**How to complete this task:**
Set down, exactly and only, everything from the line containing "Künstler-AK Kinder beobachten" down to the line containing "İki almak uzakta" in the data below; the pictures are not part of the copy.

Excerpted records: Begin

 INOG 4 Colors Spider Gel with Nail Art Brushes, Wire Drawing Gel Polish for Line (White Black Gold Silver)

Excerpted records: End
Excerpted records: Begin

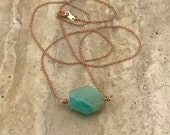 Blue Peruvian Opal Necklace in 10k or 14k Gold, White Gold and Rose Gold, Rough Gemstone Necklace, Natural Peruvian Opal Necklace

Excerpted records: End
Excerpted records: Begin

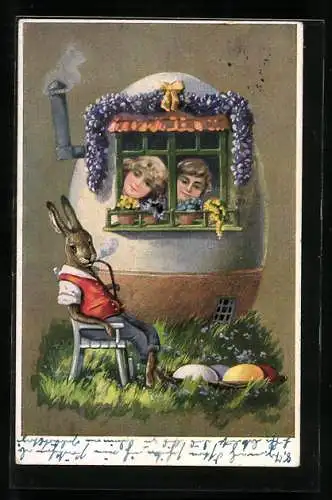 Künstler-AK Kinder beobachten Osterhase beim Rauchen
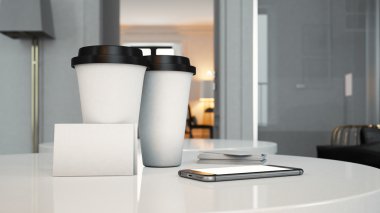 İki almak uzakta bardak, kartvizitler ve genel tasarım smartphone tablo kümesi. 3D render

Excerpted records: End

**The answer:**
 Künstler-AK Kinder beobachten Osterhase beim Rauchen
 İki almak uzakta bardak, kartvizitler ve genel tasarım smartphone tablo kümesi. 3D render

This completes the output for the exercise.